Scrivener sued Clark College for unlawful age discrimination after then-president R. Wayne Branch hired two applicants under the age of 40 for the English Department positions that she had applied for in 2006. Scrivener argued that she had met all of the qualifications for the positions and that the president’s previously publicly stated intentions to hire younger faculty was among comments that indicated an underlying bias against her application. Scrivener was 55 at the time.
The college countered that 74 percent of its workforce was age 40 or over, the court wrote, and that the hired candidates were a better fit.
Washington’s Law Against Discrimination prohibits employers from denying employment based on age if the person is between the ages of 40 and 70, the court wrote.
Scrivener started as an adjunct instructor at the two-year college in 1994, and was hired as a full-time, temporary English instructor in 1999. The court noted that her one-year contract was renewed every year after that.
“The college articulated ambiguous reasons for not hiring Scrivener,” the court wrote. “It argued that the other candidates were clearly qualified and were the “best fit” for the college and department. These are vague descriptions.”

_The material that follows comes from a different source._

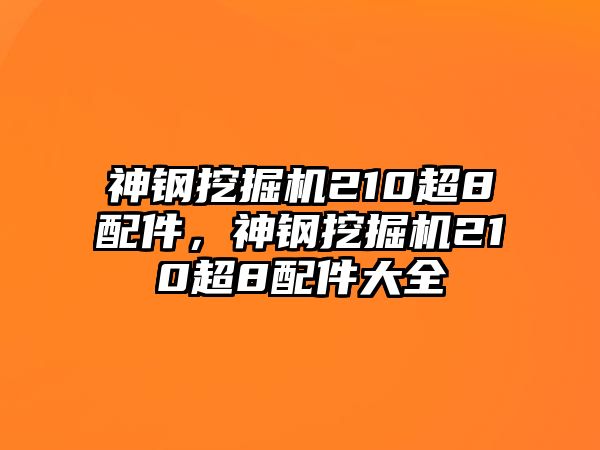 神鋼挖掘機(jī)210超8配件，神鋼挖掘機(jī)210超8配件大全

The high court noted that the burden of proof is on the plaintiff to prove that discrimination was a substantial factor, but said that Scrivener should be given the opportunity to make her case in court.
“Taken together, the evidence presented by Scrivener creates a genuine issue of material fact concerning whether age was a substantial motivating factor in Clark College’s decision not to hire Scrivener,” the court wrote. “The parties presented reasonable but competing inferences of discriminatory and nondiscriminatory intent. Therefore, a jury should weigh the evidence.”
A spokesman for Clark College said he could not comment on pending litigation.
Sue-Del McCulloch, Scrivener’s attorney, said the court’s ruling was important because it clarified that employees didn’t need to disprove all legitimate reasons that an employer might have for an adverse employment decision, only that discrimination was one of them.
“The purpose of the law against discrimination is to eliminate and prevent discrimination in the workplace,” she said. “It’s to be interpreted broadly.”
The opinion was authored by Justice Charles Wiggins, who was joined in the ruling by Chief Justice Barbara Madsen, Justices Charles Johnson, Susan Owens, Debra Stephens, Steven Gonzalez, Sheryl Gordon McCloud, and Justices Pro Tem Marlin Appelwick and Ann Schindler.